Clinton ha bollato come «una farsa» il veto di Russia e Cina contro la risoluzione presentata al Consiglio di Sicurezza dalla Lega Araba per costringere Assad a farsi da parte, cedere il potere ad un vice, ritirare le truppe e dar via ad una transizione democratica. 
A due giorni dall’ultima strage, con 250 uomini, donne e bambini uccisi a Homs dalle bombe di regime, l’America fa sua la proposta lanciata sabato dal presidente francese Nicolas Sarkozy, che punta ad aggirare l’Onu creando un «gruppo di contatto».

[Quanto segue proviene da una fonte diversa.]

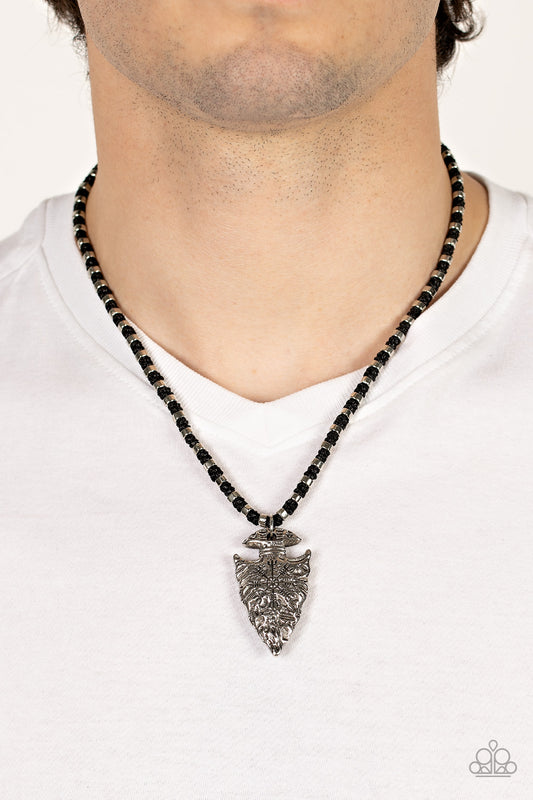 Get Your ARROWHEAD in the Game - Black Arrow Urban Necklaces dainty silver accents are knotted in place along a braided black cord below the collar. Stamped and hammered in tribal inspired patterns, a rustic silver arrowhead pendant swings from the earthy display for an authentic finish. Features a button loop closure. Sold as one individual necklace.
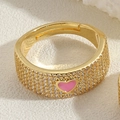 Détail d'une bague dorée ajustable avec pavé de zircons et motif de cœur en émail rose - Rose
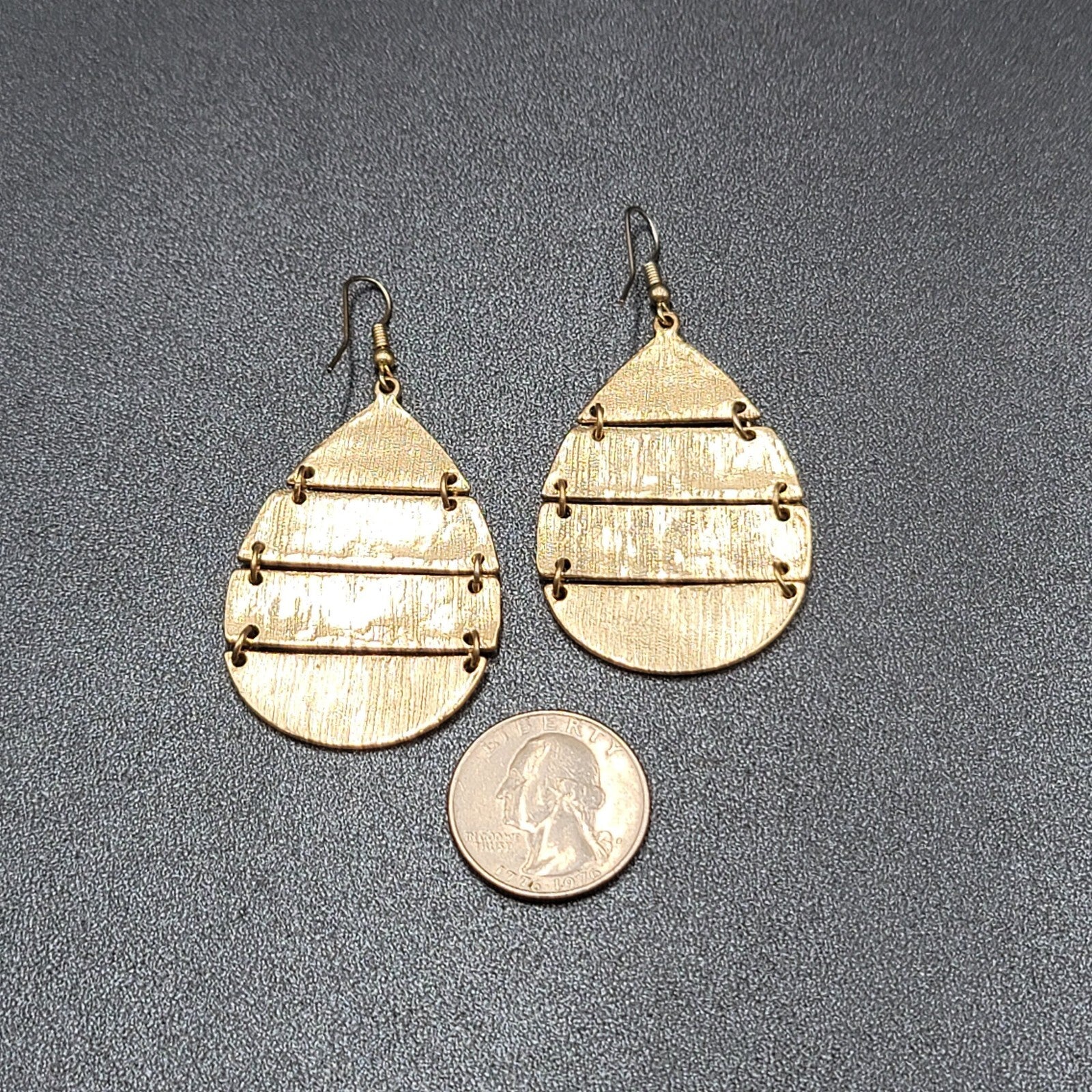 Pierced Earrings Gold tone Articulated Metal Teardrop Leopard Print Dangle 2"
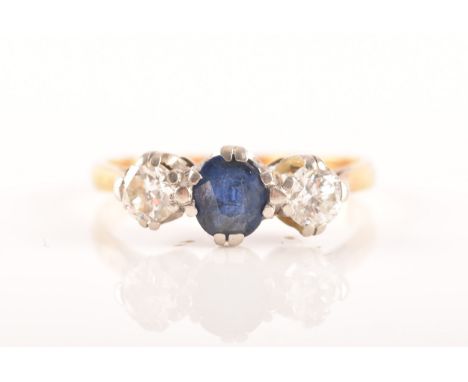 An 18ct yellow gold three stone sapphire and diamond ring, set to centre with an oval sapphire with an approximate weight of 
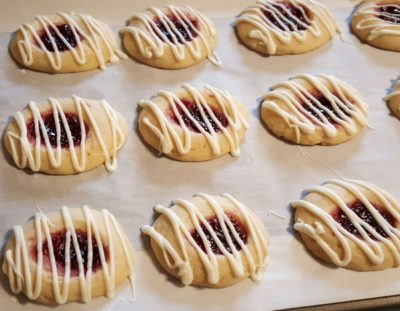butter cookies with raspberry jam and white chocolate drizzle on parchment paper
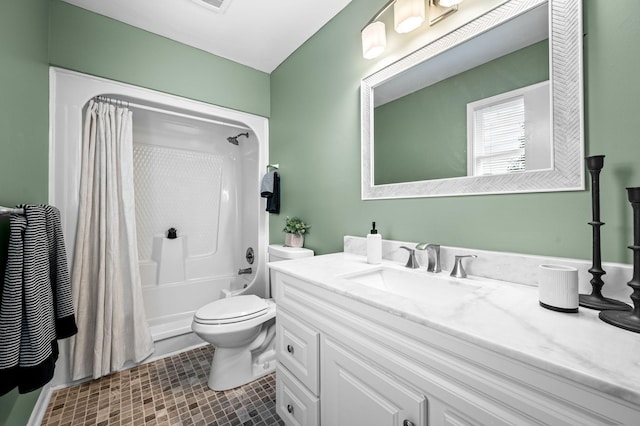 full bathroom featuring vanity, shower / tub combo with curtain, tile patterned floors, and toilet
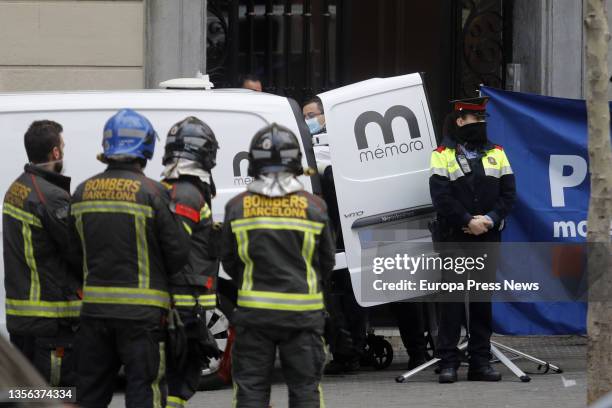 Officers guard the hearse at the scene of a fatal house fire in Plaza de Tetuan, on 30 November, 2021 in Barcelona, Catalonia, Spain. At least four...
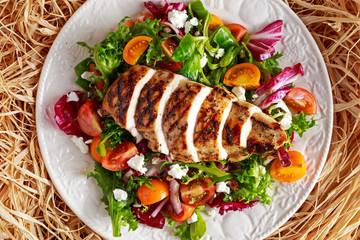 Grilled Chicken Breast fillet with fresh tomatoes vegetables salad. concept healthy food.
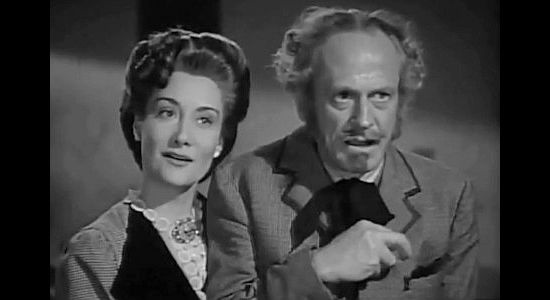 Gloria Holden as Mrs. Thorne, on the way to seek medical attention for husband James (Miles Mander) in Apache Trail (1942)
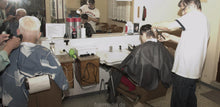 将图片加载到图库查看器，8071 Dina 2 cut and buzz by old barber in barbershop between the men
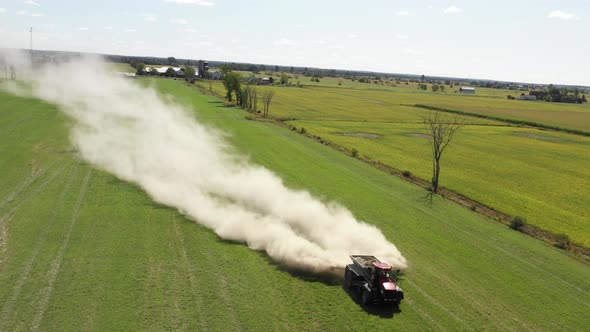 farm tractor spreading white powder front rotating view alt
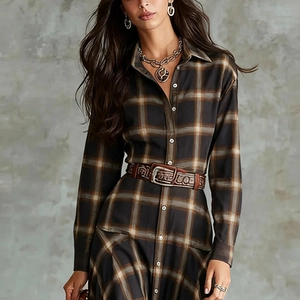 Detail of vintage plaid shirt dress with western metallic buckle belt and chain jewelry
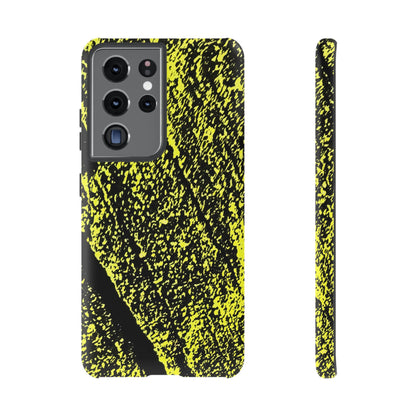 A phone case with a black and neon yellow splattered paint pattern, shown from both the back and side views on a white background.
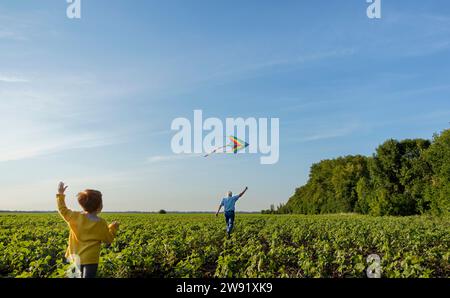 Grandfather and grandson flying kite in agricultural field under sky Stock Photo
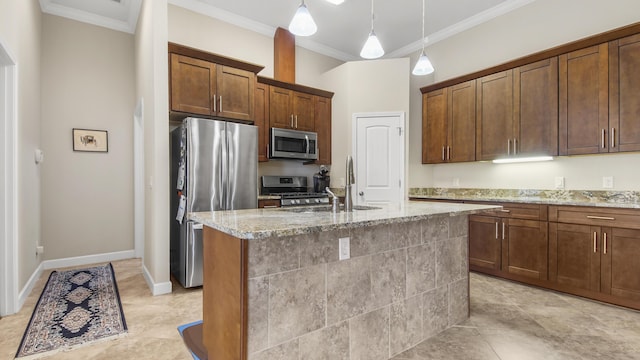 kitchen featuring light stone counters, stainless steel appliances, crown molding, pendant lighting, and an island with sink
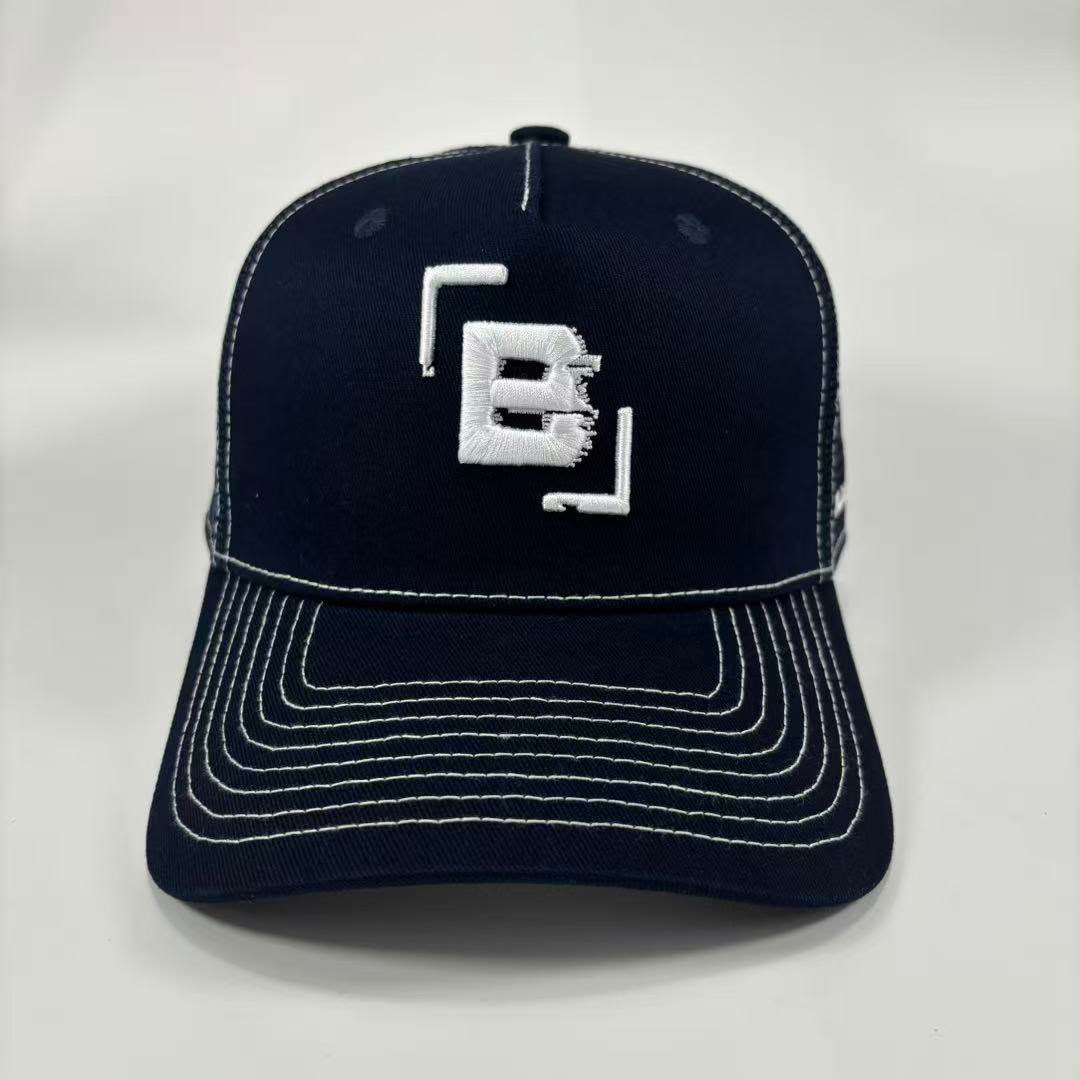 A dark navy blue baseball cap with white contrast stitching and a white embroidered logo on the front, photographed against a light grey background.
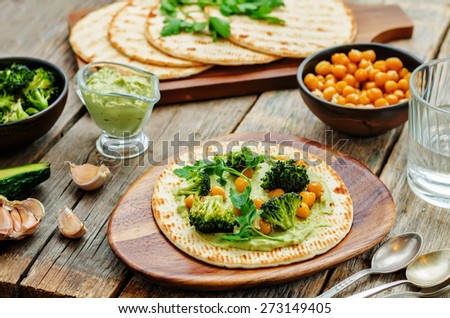 vegan tortilla with roasted broccoli and chickpeas and avocado sauce. the toning. selective focus
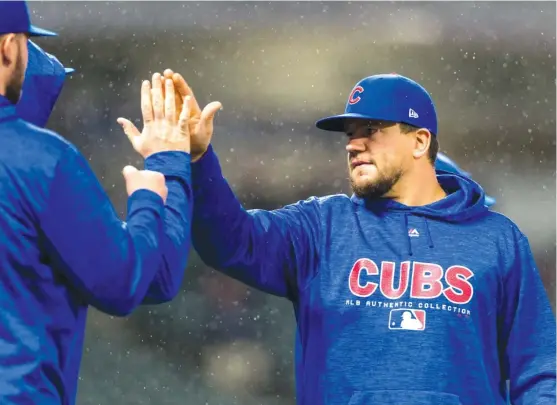  ??  ?? GETTY IMAGES Kyle Schwarber gives and receives congratula­tions after the Cubs’ victory Tuesday against the Indians at Progressiv­e Field. His two home runs led the way.
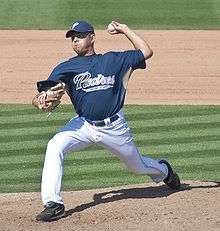 A man in white pants, a blue baseball jersey with "PADRES" in gold on the chest, a blue baseball cap, and a tan baseball glove on his right hand prepares to pitch a baseball with his left hand.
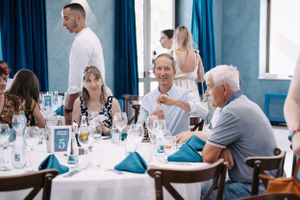 Guests enjoying a formal dining celebration at round tables with blue decor.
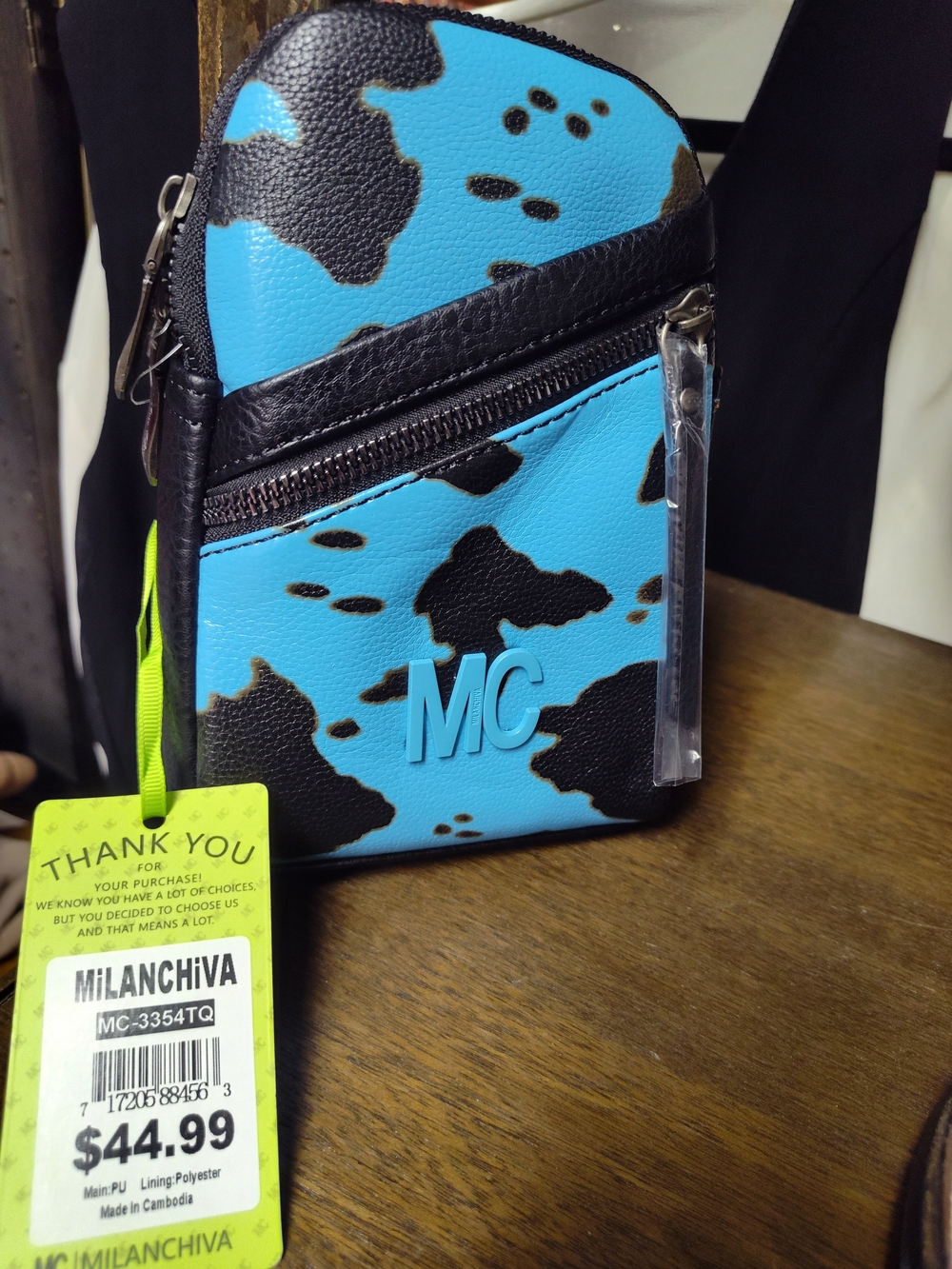 Turquoise & Black Cowprint Crossbody Sling/Backpack Combo Bag By Milanchiva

La franchezza del linguaggio usato da Clinton e dall’ambasciatrice americana all’Onu Susan Rice (che sabato si era detta «disgustata» dal veto) echeggiano la posizione del presidente Obama che alla vigilia del voto aveva dichiarato che «un leader che brutalizza e massacra il proprio popolo non merita di governare».
Ma se la tensione tra Mosca e Washington continua a salire, quest’ultima beneficia di una ritrovata popolarità  tra gli stessi Paesi del Palazzo di Vetro che in passato, sul dossier Israele-palestinesi, facevano regolarmente quadrato contro la diplomazia americana. Il Marocco, unico membro arabo del Consiglio di Sicurezza, ha espresso «grande rimpianto e delusione» per un veto che il ministro degli Esteri turco Ahmet Davutoglu ha definito «il segnale che la logica della Guerra Fredda permane all’Onu». 
Mentre gli oppositori del regime siriano che fanno capo al Consiglio nazionale parlano di «licenza d’uccidere» ed accusano Russia e Cina di «responsabilità  nei genocidi», Nabil Elaraby, il capo della Lega Araba che ha appena sospeso una missione di osservatori in Siria, avverte che «continueremo a cercare sostegno per una proposta che gode del favore internazionale».
Dal canto suo la Russia annuncia l’invio a Damasco, già  martedì, del suo ministro degli Esteri, Serghej Lavrov e del direttore dei servizi segreti esterni russi, Miajil Fradkov, incaricati di lavorare alla realizzazione di «riforme democratiche indispensabili». In attesa di vedere che cosa potrà  scaturire dall’incontro, Washington comunica la sua intenzione di rafforzare le sanzioni contro Damasco per bloccare finanziamenti e vendite d’armi al presidente Bashar al Assad, chiedendo ai partner occidentali di fare altrettanto. 
In serata ha risposto, a nome dell’Unione Europea, il ministro degli Esteri francese Alain Juppé. «L’Europa rafforzerà  le sanzioni — ha detto — aumenteremo la pressione internazionale in modo che il regime dovrà  constatare che è isolato e non può più andare avanti».